[Crawled caption data]
★ ★ ★ ★ ★ ★ ★

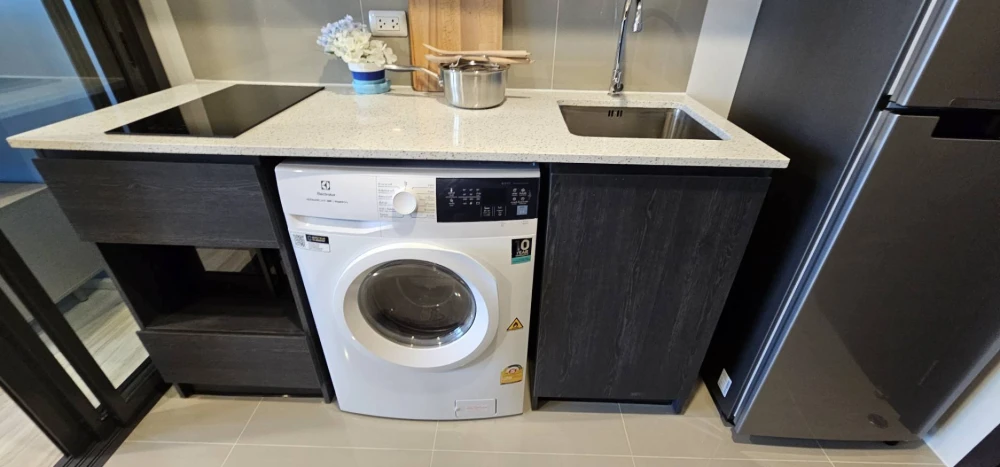 Condo for Rent  XT Huaikhwang ห้องน่าอยู่ สิ่งอำนวยความสะดวกครบครัน ราคาดี มาจองเลย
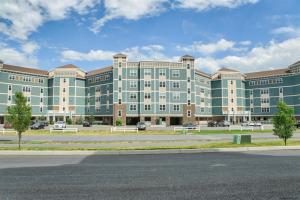 1101 Captains Lookout, Cohoes, NY 12047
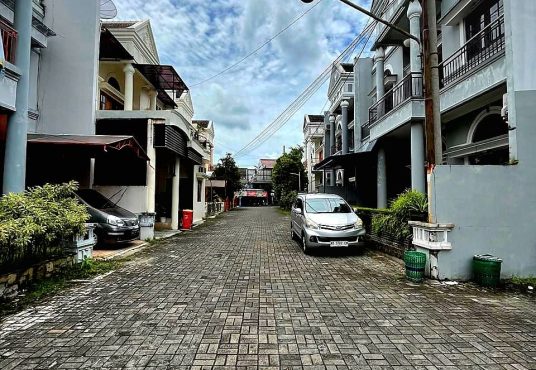 Rumah Mewah Klasik dengan Private Pool dkt RSA UGM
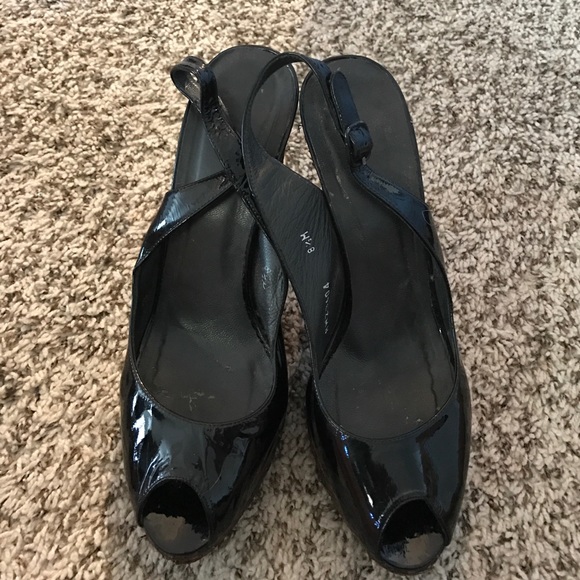 Stuart Weitzman Black Patent peep toe Sandal - Picture 4 of 4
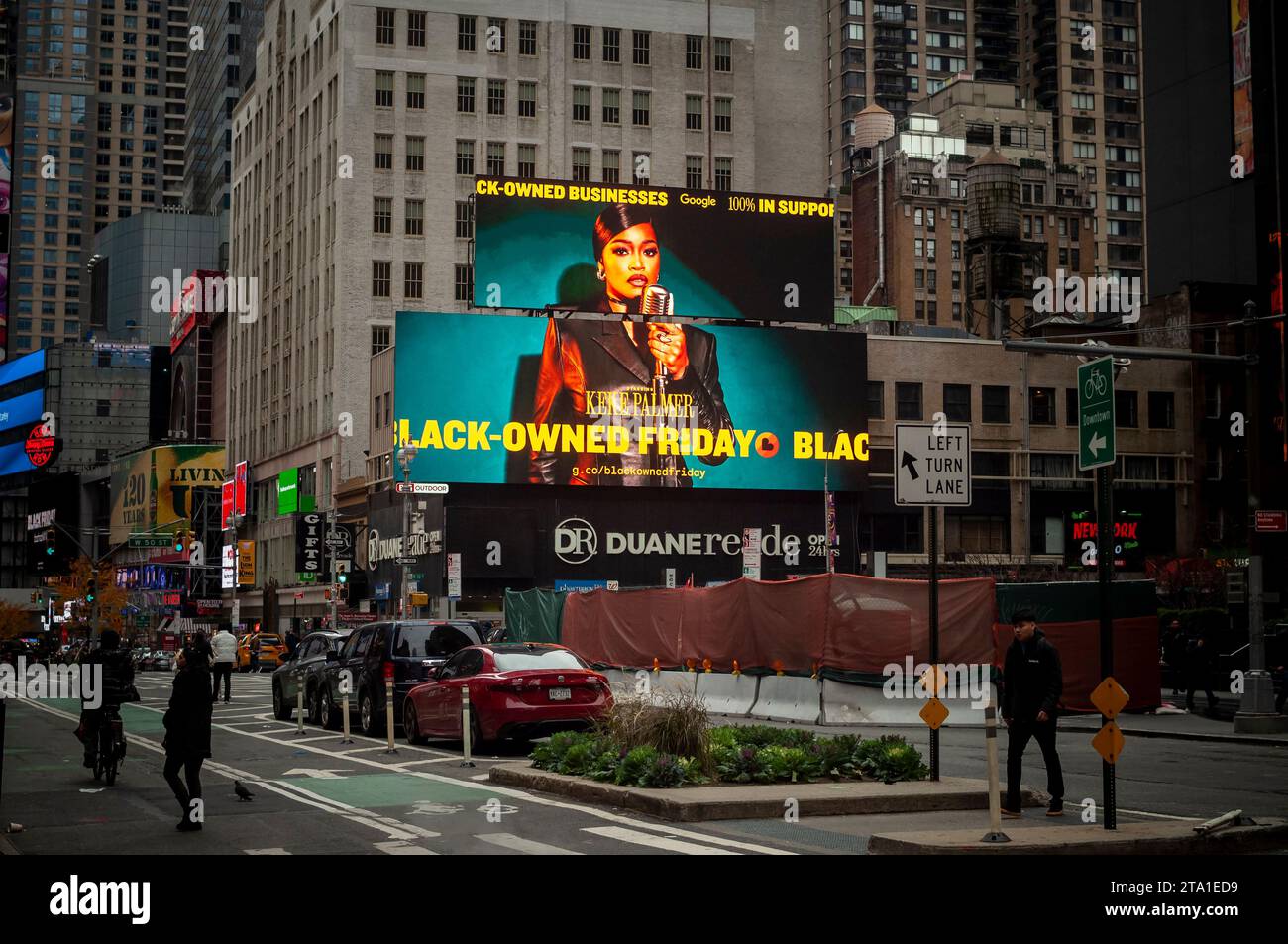 Eine digitale Plakatwand in Midtown Manhattan in New York zeigt den Schauspieler Keke Palmer, der für Unternehmen in schwarzem Besitz wirbt, mit einem Stück am Black Friday, das am Sonntag, den 26. November 2023, zu sehen ist. (© Richard B. Levine) Stockfoto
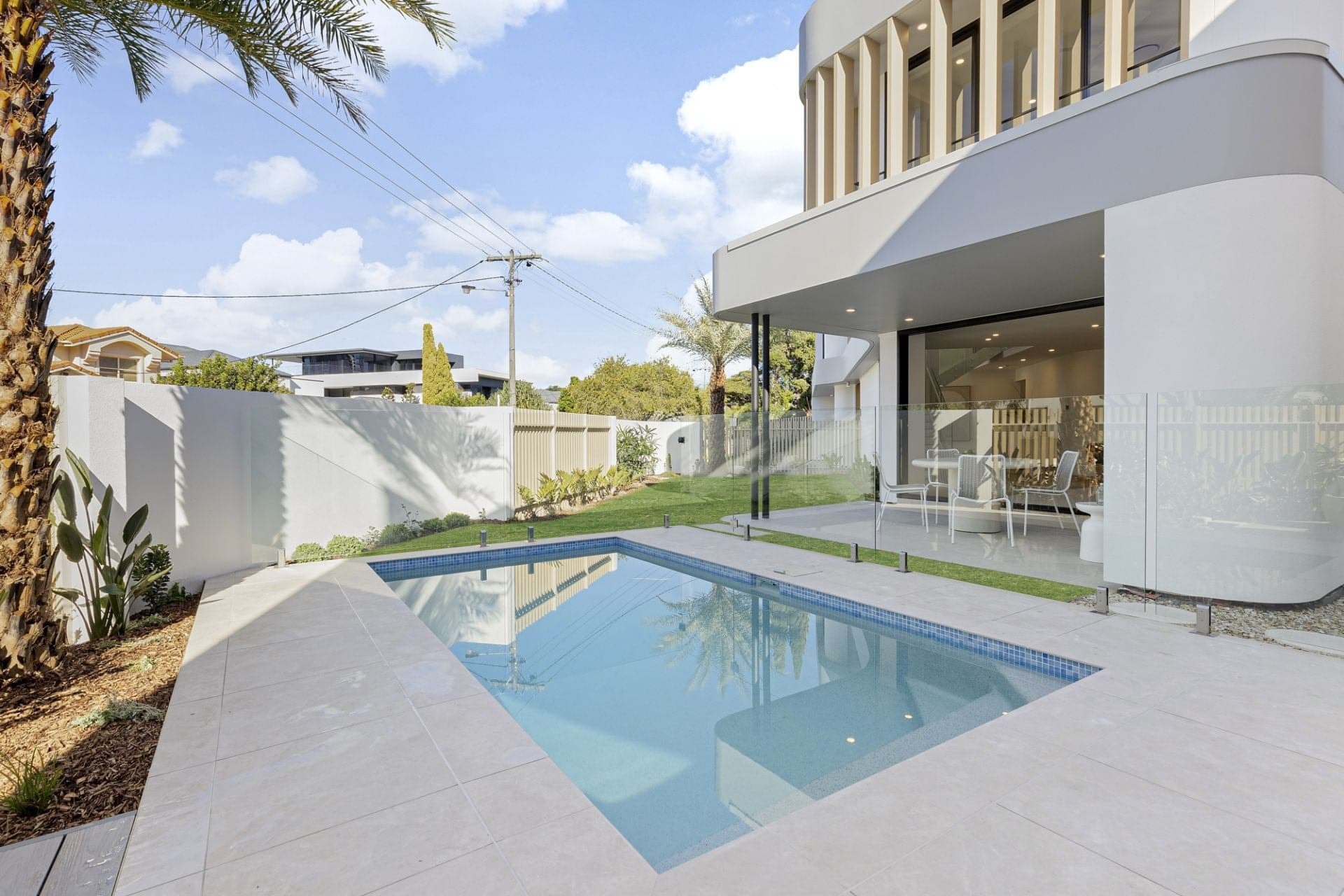 73 Amalfi Drive, Isle Of Capri - Thumbnail 7
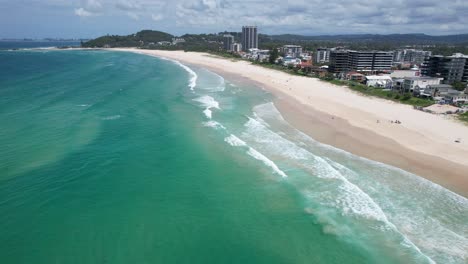 Volando-Hacia-El-Sur-Por-Palm-Beach---Gold-Coast---Queensland-Queensland---Australia---Disparo-De-Drone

★ ★ ★ ★ ★ ★ ★

Task details:
Please output exactly the lines of the data above, from its first line through the line with "Stuart Weitzman Black", and nothing else; drop the pictures.

Written solution:
 Condo for Rent  XT Huaikhwang ห้องน่าอยู่ สิ่งอำนวยความสะดวกครบครัน ราคาดี มาจองเลย
 1101 Captains Lookout, Cohoes, NY 12047
 Rumah Mewah Klasik dengan Private Pool dkt RSA UGM
 Stuart Weitzman Black Patent peep toe Sandal - Picture 4 of 4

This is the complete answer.